Nine out of 10 of Hedley’s buyers have to pay this premium, he says. On a property price of £2m, the stamp duty rate is now 3.7 percentage points higher than it was before 2014 — an additional cost of about £74,000. But it is not all bad news for buyers: according to Savills, prime prices in Marylebone have fallen 7.8 per cent since 2014, meaning that buying the same property now, including the increased stamp duty, should still result in a net saving of more than £105,000 on the total cost in 2014.
What the developers say
New developments may be particularly exposed to property market fluctuations because they tend to be more speculative purchases and are popular with international investors. “Since spring there has been a surge in demand from owner-occupiers for some of the best apartments in our developments,” says Gabriel York, co-chief executive of Lodha UK.
The Mumbai-based developer has two luxury projects in London: Lincoln Square, a development of 221 homes near Lincoln’s Inn Fields, where a one-bedroom flat costs £1.6m; and One Grosvenor Square, a development of 48 homes in Mayfair, where two-bedroom apartments start at £8m.
York was unable to give the latest sales numbers to the FT, but as of 31 March this year, Lodha had sold 12 homes at One Grosvenor Square and 146 at Lincoln Square, according to Moody’s.
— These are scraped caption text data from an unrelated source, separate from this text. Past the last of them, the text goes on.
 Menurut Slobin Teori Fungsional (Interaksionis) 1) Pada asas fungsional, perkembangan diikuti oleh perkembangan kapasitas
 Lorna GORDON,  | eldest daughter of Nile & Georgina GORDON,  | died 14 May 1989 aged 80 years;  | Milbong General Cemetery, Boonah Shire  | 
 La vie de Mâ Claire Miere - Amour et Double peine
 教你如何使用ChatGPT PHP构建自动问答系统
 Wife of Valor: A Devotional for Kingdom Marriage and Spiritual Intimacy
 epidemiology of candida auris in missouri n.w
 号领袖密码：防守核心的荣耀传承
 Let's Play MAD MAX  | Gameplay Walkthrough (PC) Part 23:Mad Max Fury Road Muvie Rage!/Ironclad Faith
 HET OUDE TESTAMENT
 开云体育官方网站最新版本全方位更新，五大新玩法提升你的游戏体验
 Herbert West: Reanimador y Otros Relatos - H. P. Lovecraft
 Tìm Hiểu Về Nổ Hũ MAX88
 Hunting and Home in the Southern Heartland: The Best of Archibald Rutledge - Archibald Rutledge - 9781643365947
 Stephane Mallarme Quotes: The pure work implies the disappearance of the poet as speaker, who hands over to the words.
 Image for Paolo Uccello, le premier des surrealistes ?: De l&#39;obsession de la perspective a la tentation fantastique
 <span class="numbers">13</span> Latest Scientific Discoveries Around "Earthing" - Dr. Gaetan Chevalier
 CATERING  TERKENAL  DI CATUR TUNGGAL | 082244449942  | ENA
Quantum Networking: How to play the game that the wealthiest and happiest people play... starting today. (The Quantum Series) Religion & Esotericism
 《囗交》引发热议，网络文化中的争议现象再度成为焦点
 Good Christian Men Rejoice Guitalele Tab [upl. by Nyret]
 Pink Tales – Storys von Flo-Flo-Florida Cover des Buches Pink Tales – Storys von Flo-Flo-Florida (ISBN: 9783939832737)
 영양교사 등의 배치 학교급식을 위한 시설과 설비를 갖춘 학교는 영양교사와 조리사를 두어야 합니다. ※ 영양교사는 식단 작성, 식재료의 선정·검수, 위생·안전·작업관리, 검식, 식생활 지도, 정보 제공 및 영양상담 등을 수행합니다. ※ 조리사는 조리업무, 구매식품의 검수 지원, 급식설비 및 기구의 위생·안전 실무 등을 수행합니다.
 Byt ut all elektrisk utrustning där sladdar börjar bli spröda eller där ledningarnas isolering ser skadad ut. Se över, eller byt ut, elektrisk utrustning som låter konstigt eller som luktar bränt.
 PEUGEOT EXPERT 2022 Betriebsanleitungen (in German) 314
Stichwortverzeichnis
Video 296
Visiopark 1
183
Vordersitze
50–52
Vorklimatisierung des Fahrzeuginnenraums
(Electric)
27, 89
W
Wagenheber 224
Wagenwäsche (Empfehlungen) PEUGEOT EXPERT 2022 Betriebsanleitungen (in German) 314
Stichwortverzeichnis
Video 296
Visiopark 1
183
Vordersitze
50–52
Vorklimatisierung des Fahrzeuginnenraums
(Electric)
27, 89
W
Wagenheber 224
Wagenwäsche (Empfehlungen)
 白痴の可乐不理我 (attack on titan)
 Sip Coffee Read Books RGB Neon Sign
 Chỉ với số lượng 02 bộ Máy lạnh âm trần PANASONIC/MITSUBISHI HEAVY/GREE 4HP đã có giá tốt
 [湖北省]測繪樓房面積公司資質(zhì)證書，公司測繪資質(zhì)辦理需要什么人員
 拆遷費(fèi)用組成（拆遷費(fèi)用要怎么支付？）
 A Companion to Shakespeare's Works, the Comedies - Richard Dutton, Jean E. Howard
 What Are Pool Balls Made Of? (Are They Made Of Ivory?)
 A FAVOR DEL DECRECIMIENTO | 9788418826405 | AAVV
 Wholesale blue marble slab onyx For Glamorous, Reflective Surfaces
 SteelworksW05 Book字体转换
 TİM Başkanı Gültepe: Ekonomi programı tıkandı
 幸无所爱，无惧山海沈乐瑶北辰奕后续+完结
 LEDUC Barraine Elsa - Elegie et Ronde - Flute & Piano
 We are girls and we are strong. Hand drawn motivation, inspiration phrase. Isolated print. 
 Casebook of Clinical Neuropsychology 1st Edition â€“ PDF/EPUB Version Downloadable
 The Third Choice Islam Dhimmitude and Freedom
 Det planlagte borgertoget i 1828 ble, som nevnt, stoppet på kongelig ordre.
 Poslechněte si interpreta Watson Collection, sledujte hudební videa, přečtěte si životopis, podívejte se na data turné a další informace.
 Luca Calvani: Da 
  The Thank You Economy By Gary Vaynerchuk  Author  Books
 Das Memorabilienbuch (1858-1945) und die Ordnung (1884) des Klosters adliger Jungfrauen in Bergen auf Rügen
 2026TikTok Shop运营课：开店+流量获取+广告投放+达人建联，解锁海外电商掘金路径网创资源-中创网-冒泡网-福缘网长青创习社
According to Vikas Halan, senior vice-president at the rating agency, London sales in the nine months to December 2018 were only half what Moody’s expected — a factor in its decision in May to change Lodha’s outlook to negative.
So is now the right time to buy property in London?
If prices in prime central London recover, the effect will probably filter down into what Lucian Cook calls London’s “wealth corridors” — those swaths of smart homes that radiate from central London into areas such as Fulham, Wandsworth, Chiswick and Islington. However, despite there being the general belief among estate agents that benefits will trickle down — because that is what happened after the financial crisis, the last time house prices slumped — that may not be the case this time, says Neal Hudson director of Residential Analysts.
“There has not been any real correction in the wider London market,” he says. “In fact, it looks like more of a stagnation that correction. The big transaction falls happened a couple of years ago and now the number of sales are just bumping along at very low levels and house price growth is kind of going sideways.”
Affordability has barely budged and, thanks to stamp duty reforms, and the removal of certain tax breaks for landlords, there are far fewer buy-to-let investors in the market than there were five years ago.
“We are probably at peak first-time-buyer pricing, given that mortgage rates and lending criteria are where they are,” says Hudson.
How likely are they to change? At present, mortgage lenders are required to limit the amount they lend above the 4.5 times-salary threshold to 15 per cent, says David Hollingworth of L & C Mortgages. “Lenders must demonstrate borrower affordability, so there isn’t necessarily any great growth in the amounts that the majority of borrowers can secure without growing income,” he says.
“I’m not necessarily convinced it is a good time to buy,” says Hudson. “Not least because there are still massive political and economic risks in the event that something stupid happens with Brexit. The risks of waiting six months are minimal.”
But waiting is not right for everyone. Lottie Bodilly and her partner would have certainly lost out on a flat they loved if they had not committed to buying it. They can afford the mortgage repayments and they intend to stay for a while.
If you put your life on hold in the search for conclusive proof that the property market has reset itself, be prepared to wait for a long time indeed.